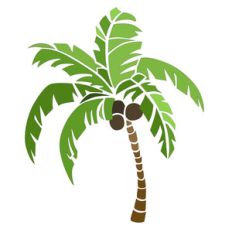 palm tree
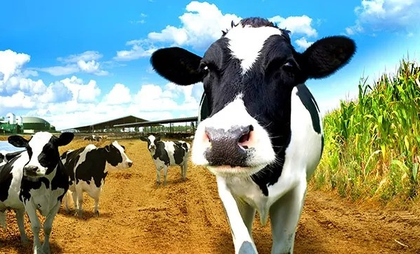 India continues to hold top position in global milk production | India continues to hold top position in global milk production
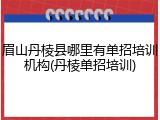 眉山丹棱县哪里有单招培训机构(丹棱单招培训)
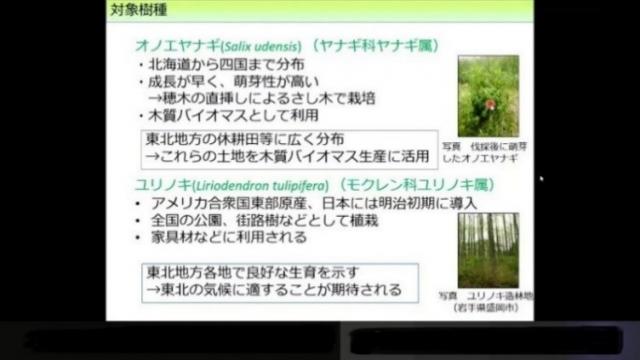 矢野主任研究員の発表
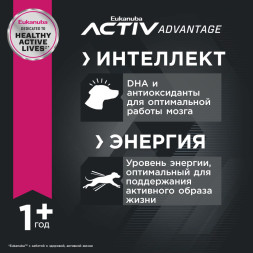 Сухой корм Eukanuba Adult Large Breed для собак крупных пород с курицей - 3 кг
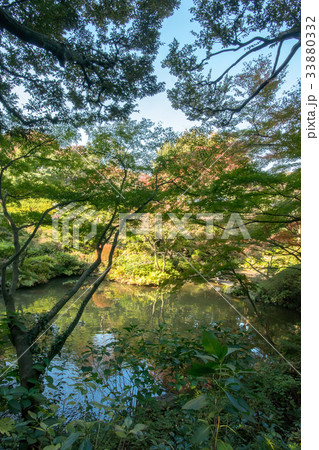 池田山公園 33880332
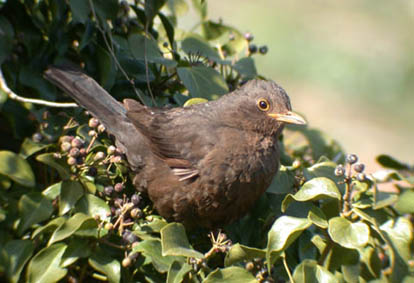 Chinese Blackbird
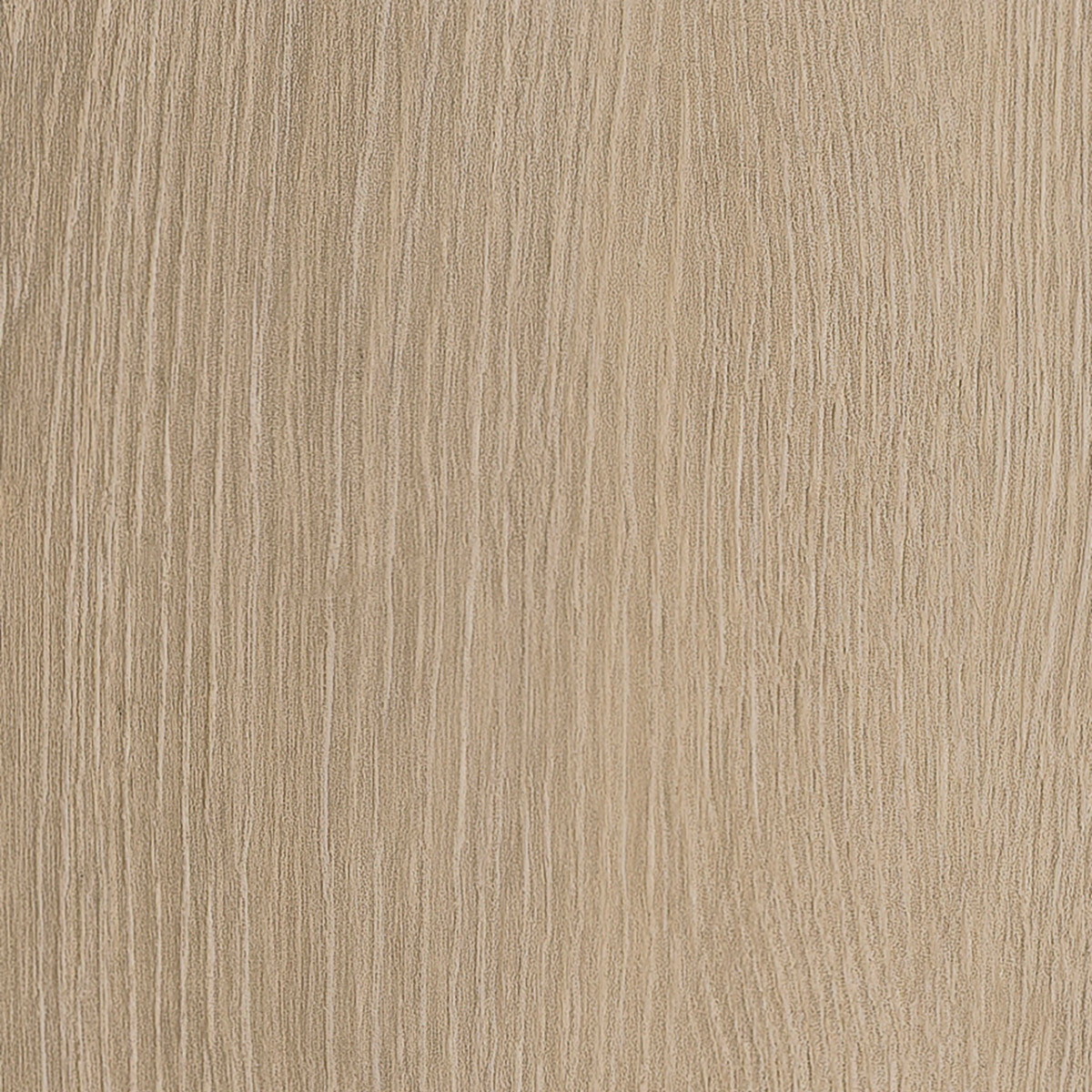 Divine Oak - Cookie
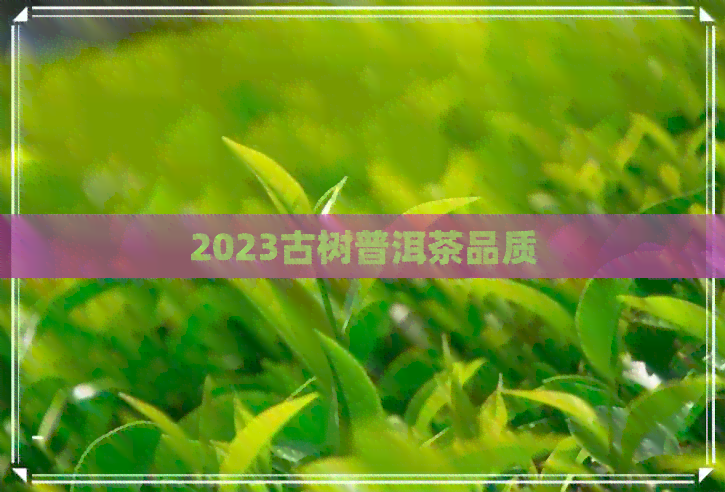 2023古树普洱茶品质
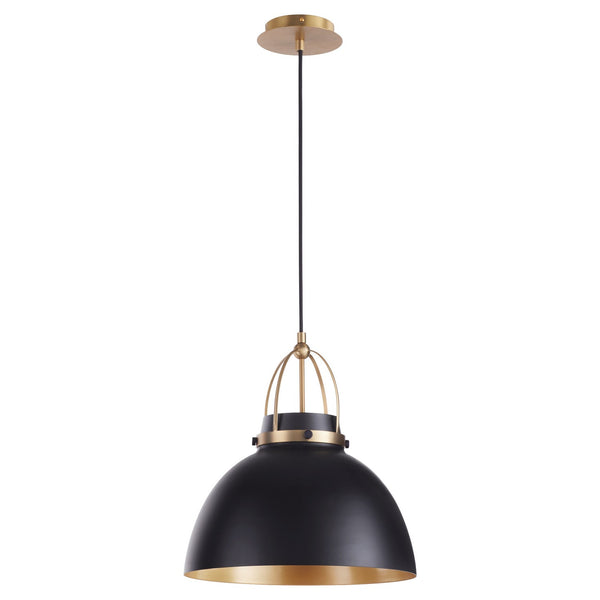 Picture Lights Outdoor (Damp) Pendant by Quorum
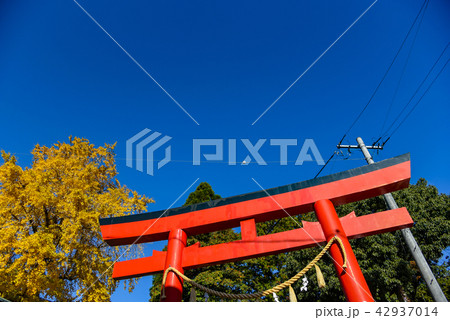 千代保稲荷　赤い鳥居　黄葉したイチョウの木 42937014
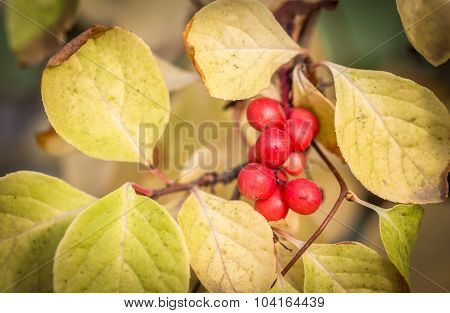 Branch Of Chinese Magnolia Vine Berries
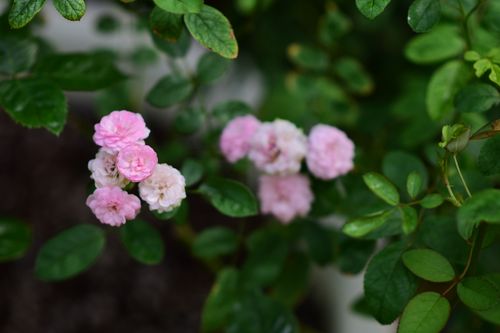 Free Delicate pink roses in bloom surrounded by lush green leaves, captured in natural light. Stock Photo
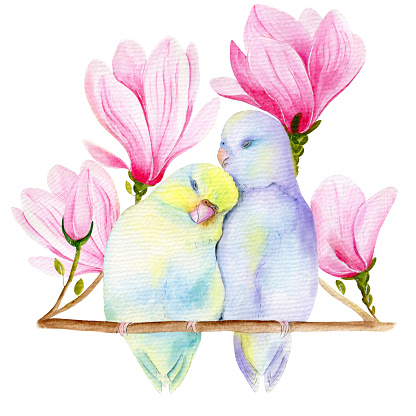 Lovesick parrots. Executed in watercolor. It can be used on postcards, illustrations in magazines, gift bags.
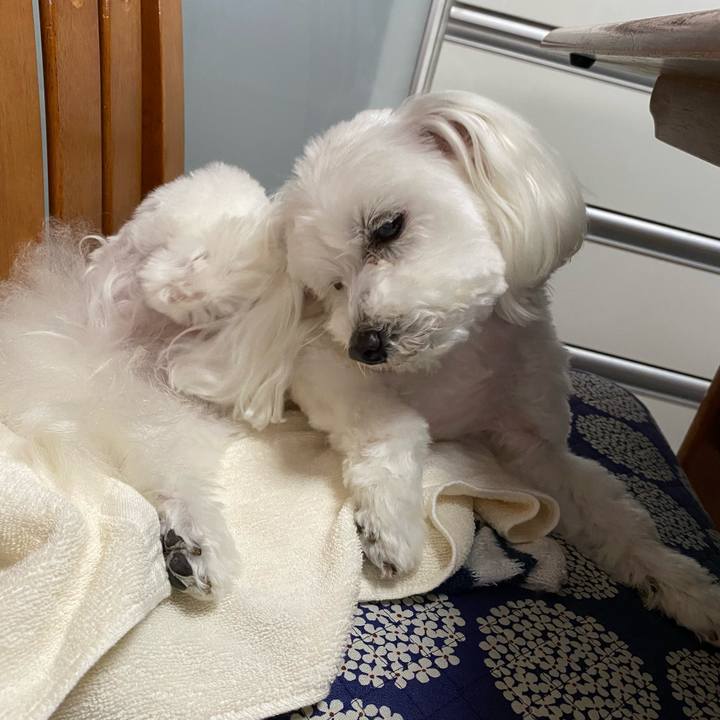 16623b48 415a 4d07 b56b bef6db69031b 1623675620529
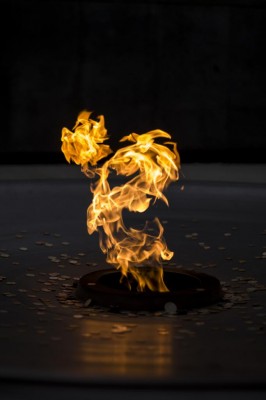 IMG_4665 копия.jpg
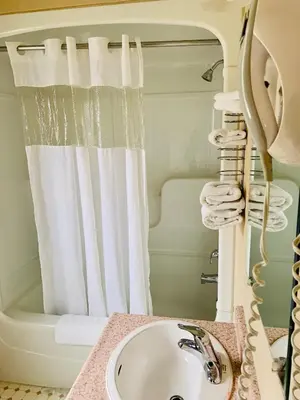 a bathroom with a sink and a shower curtain at Toronto Lakeshore Hotel in Mississauga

■ ■ ■ ■ ■ ■ ■

__Try it__. Pictures stay out; the entries above are to be output exactly as given.

__Your solution__.
 palm tree
 India continues to hold top position in global milk production | India continues to hold top position in global milk production
 眉山丹棱县哪里有单招培训机构(丹棱单招培训)
 矢野主任研究員の発表
 Сухой корм Eukanuba Adult Large Breed для собак крупных пород с курицей - 3 кг
 池田山公園 33880332
 Chinese Blackbird
 Divine Oak - Cookie
 2023古树普洱茶品质
 Picture Lights Outdoor (Damp) Pendant by Quorum
 千代保稲荷　赤い鳥居　黄葉したイチョウの木 42937014
 Branch Of Chinese Magnolia Vine Berries
 Free Delicate pink roses in bloom surrounded by lush green leaves, captured in natural light. Stock Photo
 Lovesick parrots. Executed in watercolor. It can be used on postcards, illustrations in magazines, gift bags.
 16623b48 415a 4d07 b56b bef6db69031b 1623675620529
 IMG_4665 копия.jpg
 a bathroom with a sink and a shower curtain at Toronto Lakeshore Hotel in Mississauga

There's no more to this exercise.